A Defense Revolution Based on Peacekeeping

March 28, 1995|By JEANE KIRKPATRICK

Washington. -- Peacekeeping continues to be the centerpiece of the debate on foreign policy between the Clinton administration and its Republican critics because it is the centerpiece of the administration's ''Defense Revolution.''

That ''revolution'' features new conceptions of American national security and national interests, and new ideas about the appropriate use of U.S. military forces. According to those conceptions, U.S. national security is threatened by any conflict anywhere, so ''peacekeeping'' is always appropriate in situations short of real war.

A number of those new conceptions are authoritatively described in a handbook called ''Peace Operations'' released by the Department of the Army last December. The presumably authoritative handbook tells us:

* That peacekeeping operations are multinational in character, authorized by a ''competent authorizing entity" such as the United Nations or the U.S. government, commanded by a multinational command staff, and comprising multinational forces. This multinational force and command staff will be headed by a ''force commander . . . appointed by the secretary general with the consent of the U.N. Security Council,'' and report to him or a designated representative.
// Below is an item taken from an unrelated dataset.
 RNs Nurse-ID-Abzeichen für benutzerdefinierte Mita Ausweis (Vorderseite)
This multinational force commander exercises ''appropriate and negotiated'' ''operational control'' over U.S. units assigned to U.N. ''peace operations.''

* That peace operations are to be carried out with minimum use of force at all stages, under U.N. rules of engagement.

* That ''settlement,'' not victory, is their goal. ''Peace operations,'' the handbook states, ''are conducted to reach a resolution by conciliation among the competing parties, rather than termination by force. . . . The concept of traditional military victory or defeat is inappropriate in peace operations.''

The handbook emphasizes that the United States is now concerned with peace in the entire, complicated world -- a world in which the identity of the ''belligerents'' and their organization may be loose, and as diverse as ''peace operations'' themselves.
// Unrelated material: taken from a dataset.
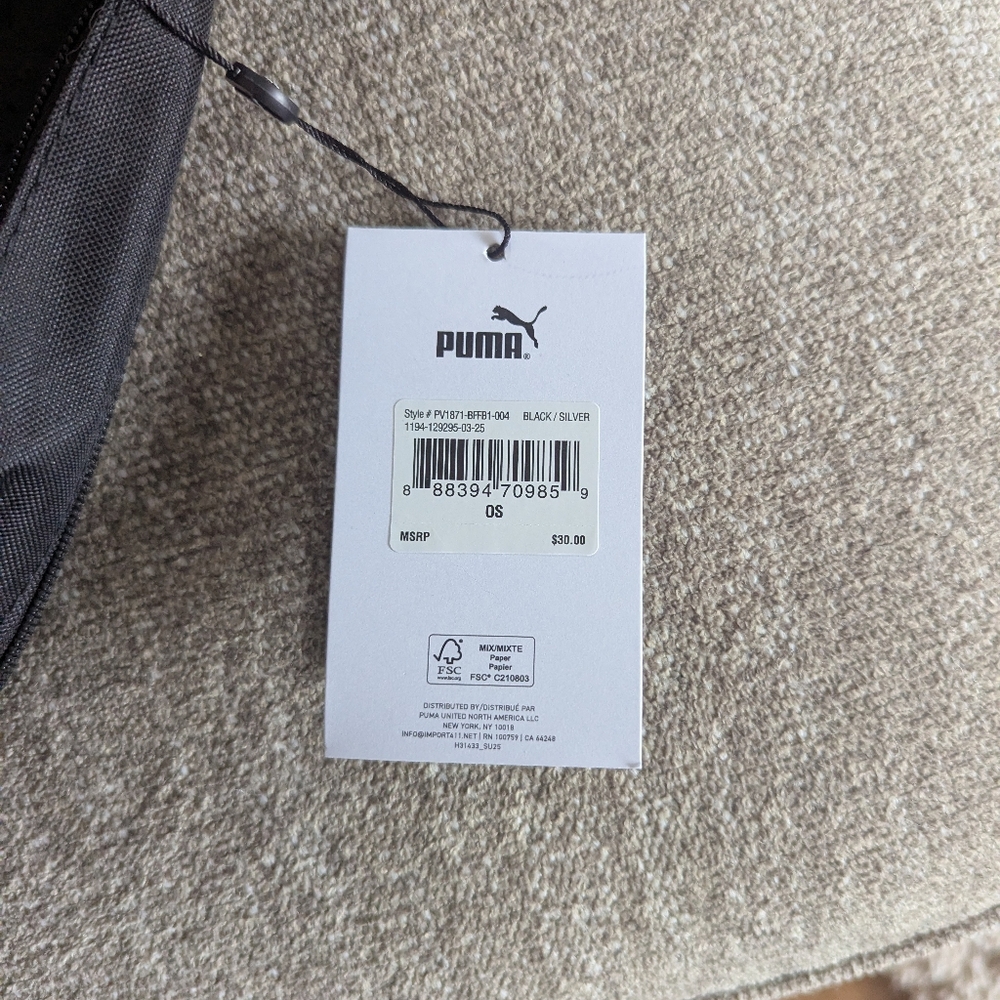 Puma Black Belt Bag - Picture 4 of 4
Appearing last week before the Senate Foreign Relations Committee, Madeleine Albright, the U.S. ambassador to the United Nations, argued in opposition to the ''Peace Powers Act,'' which is designed to impose new constraints on the administration's freedom in dealing with the United Nations. She said ''well-planned'' peace operations are ''useful and cost-effective . . . in containing regional conflicts, promoting democracy and human rights, stemming refugee flows and bringing stability to regions of strategic and economic importance to the U.S.''

Wow! If peacekeeping could do all that, we could cut the costs of government even further.

From the point of view of critics like Senate Majority Leader Robert Dole, a principal author of the Peace Powers Act, peace operations are neither cost-effective nor otherwise effective. Senator Dole described Republican bills in the House and Senate as ''good news for U.S. foreign policy and U.S. taxpayers.'' Both those bills would probably have the effect of reducing U.S. expenditures on ''peace operations'' by providing for ''transparency,'' full accounting and credit against the United States ''assessed'' share of U.N. costs.

Under current practices the United States pays, as its ''assessed'' share of peacekeeping costs, nearly two and one half times the amount assessed any other country. But that is only the beginning. The United States has contributed billions of dollars in addition: in transportation, air power and many other expensive services such as assisting in the evacuation of U.N. forces from Somalia.

These contributions, which Senator Dole estimates at several billion dollars, have never been fully reported. They are simply and very quietly redirected by the Clinton administration from Defense Department funds, authorized and appropriated by the Congress for conventional military purposes such as training and spare parts. When administration officials seek ''supplemental'' appropriations for necessary defense items for which the authorized funds were diverted on peacekeeping, Congress can't turn them down.

A principal goal of the critics is to ensure that funds for peacekeeping are authorized and appropriated through normal processes. Otherwise, Congress is denied its constitutional role.

Critics also complain that persistent, repeated use of military force for purposes unrelated to fighting and winning wars will undermine their ability to do the job for which they are recruited and maintained. Training military units to win wars and then assigning them to tasks that call for maximum restraint and minimum use of force creates ''cognitive dissonance,'' that is, disabling internal contradictions.

So does assigning military forces to tasks which have ''settlement,'' not victory, as their goal. Instead of transforming and spoiling the military, why not send Peace Corps men and women, send Americorps men and women. Train them in U.N. rules of engagement. This might not be useful, but it would do less harm to U.S. military effectiveness than the current approach.

But this would not serve the unmentioned purposes of Clinton administration's policies; it would not create new multinational military institutions; and it would not require a cultural revolution in the U.S. military.

Those goals too should be discussed with the Congress.

Jeane Kirkpatrick is a syndicated columnist.